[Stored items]
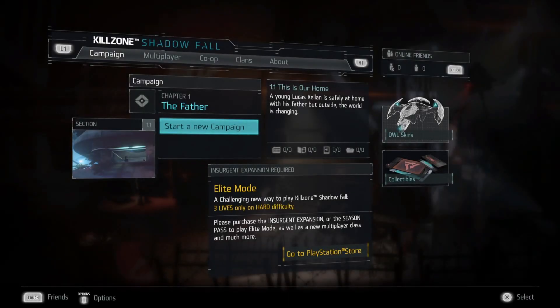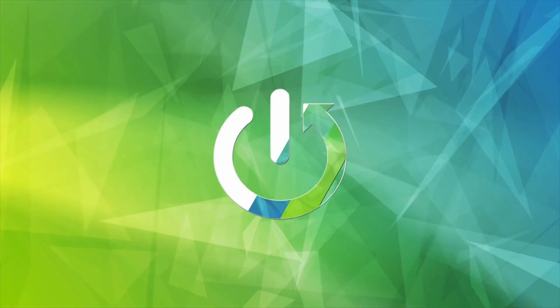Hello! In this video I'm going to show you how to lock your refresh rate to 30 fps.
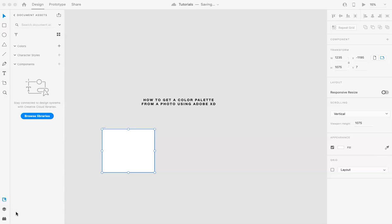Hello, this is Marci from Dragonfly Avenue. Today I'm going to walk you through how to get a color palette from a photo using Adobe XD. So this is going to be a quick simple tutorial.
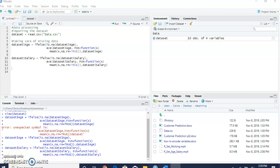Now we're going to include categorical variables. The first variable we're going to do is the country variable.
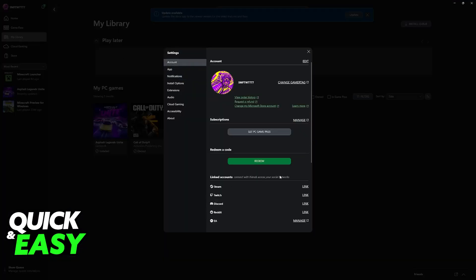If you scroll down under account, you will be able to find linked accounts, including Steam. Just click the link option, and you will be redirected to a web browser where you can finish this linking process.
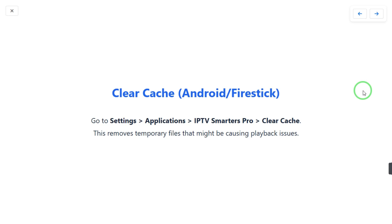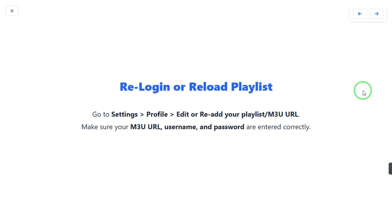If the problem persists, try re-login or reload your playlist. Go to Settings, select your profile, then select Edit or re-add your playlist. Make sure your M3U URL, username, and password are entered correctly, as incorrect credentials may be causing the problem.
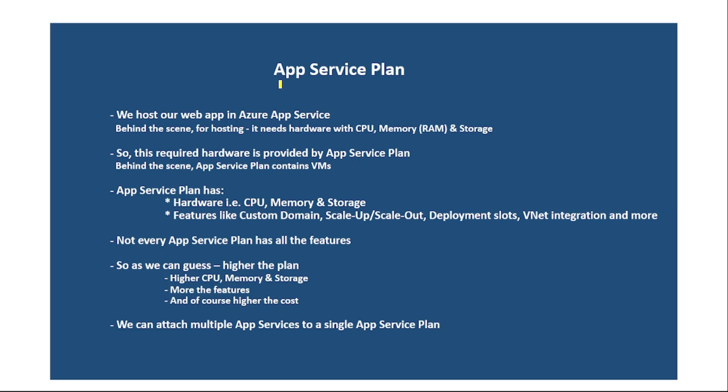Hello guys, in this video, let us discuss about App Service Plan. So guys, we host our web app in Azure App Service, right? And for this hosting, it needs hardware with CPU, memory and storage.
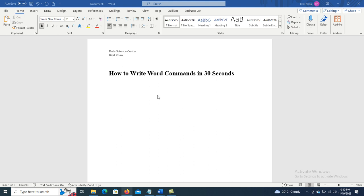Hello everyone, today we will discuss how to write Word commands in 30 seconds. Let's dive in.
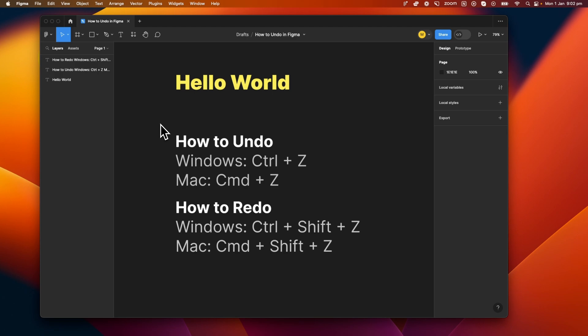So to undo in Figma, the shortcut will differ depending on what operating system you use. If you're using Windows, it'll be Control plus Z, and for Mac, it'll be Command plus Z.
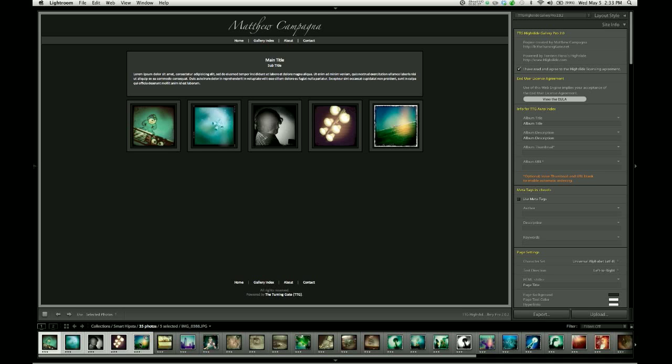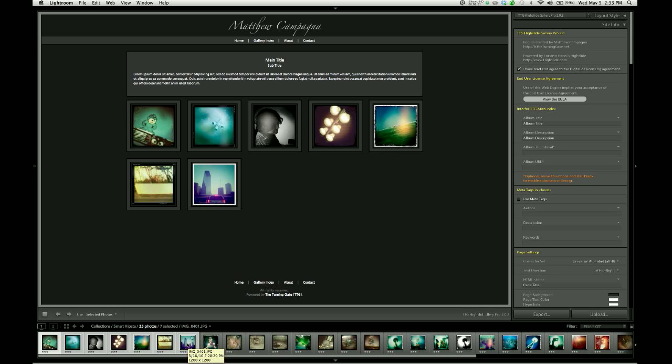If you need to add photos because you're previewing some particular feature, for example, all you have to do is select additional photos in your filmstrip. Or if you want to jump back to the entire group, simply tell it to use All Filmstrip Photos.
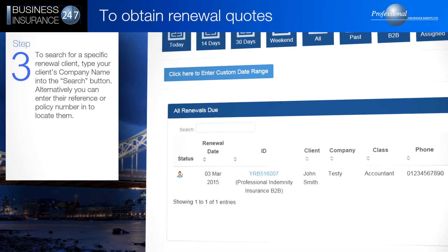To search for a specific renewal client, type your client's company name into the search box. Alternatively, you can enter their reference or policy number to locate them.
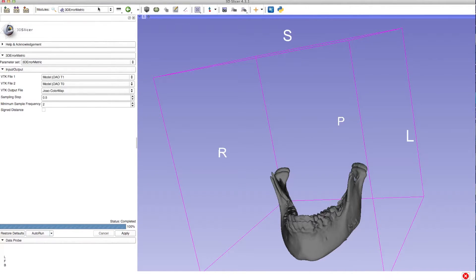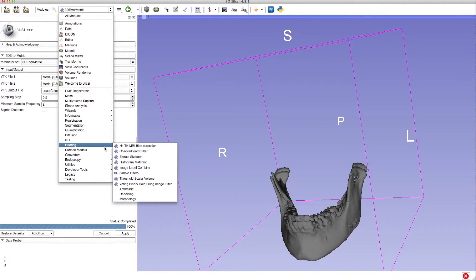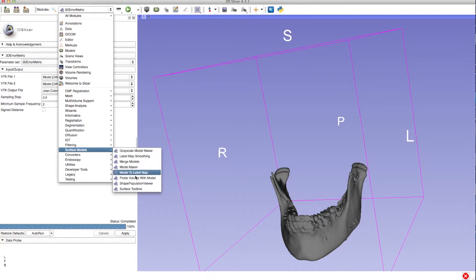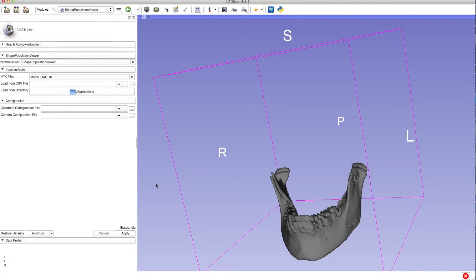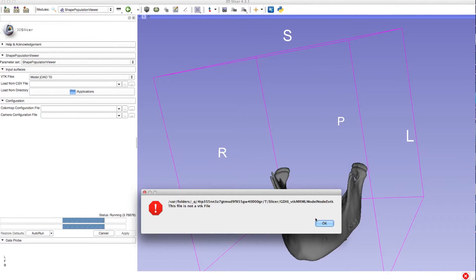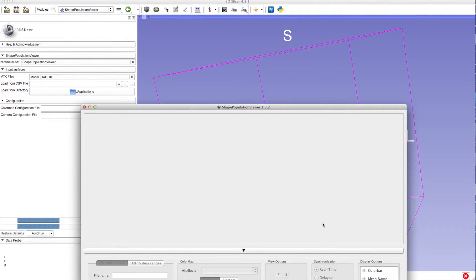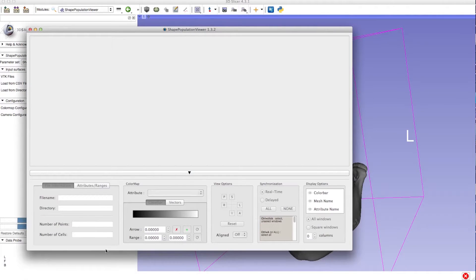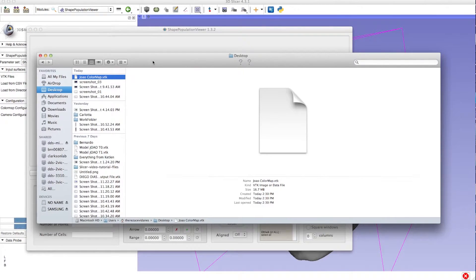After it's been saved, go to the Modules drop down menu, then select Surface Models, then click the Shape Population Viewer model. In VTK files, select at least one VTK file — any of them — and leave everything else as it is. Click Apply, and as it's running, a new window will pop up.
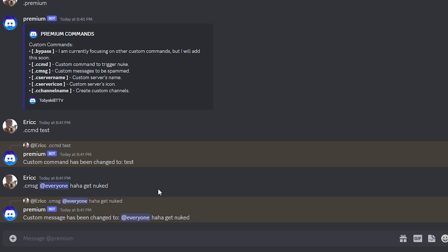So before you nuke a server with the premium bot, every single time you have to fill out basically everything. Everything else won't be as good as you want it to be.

Aim of the exercise – Using the records above, print exactly the lines between the ones containing "Hello, this is" and "Now we're going", inclusive, and nothing else; no pictures.

Answer section –
Hello, this is Marci from Dragonfly Avenue. Today I'm going to walk you through how to get a color palette from a photo using Adobe XD. So this is going to be a quick simple tutorial.
Now we're going to include categorical variables. The first variable we're going to do is the country variable.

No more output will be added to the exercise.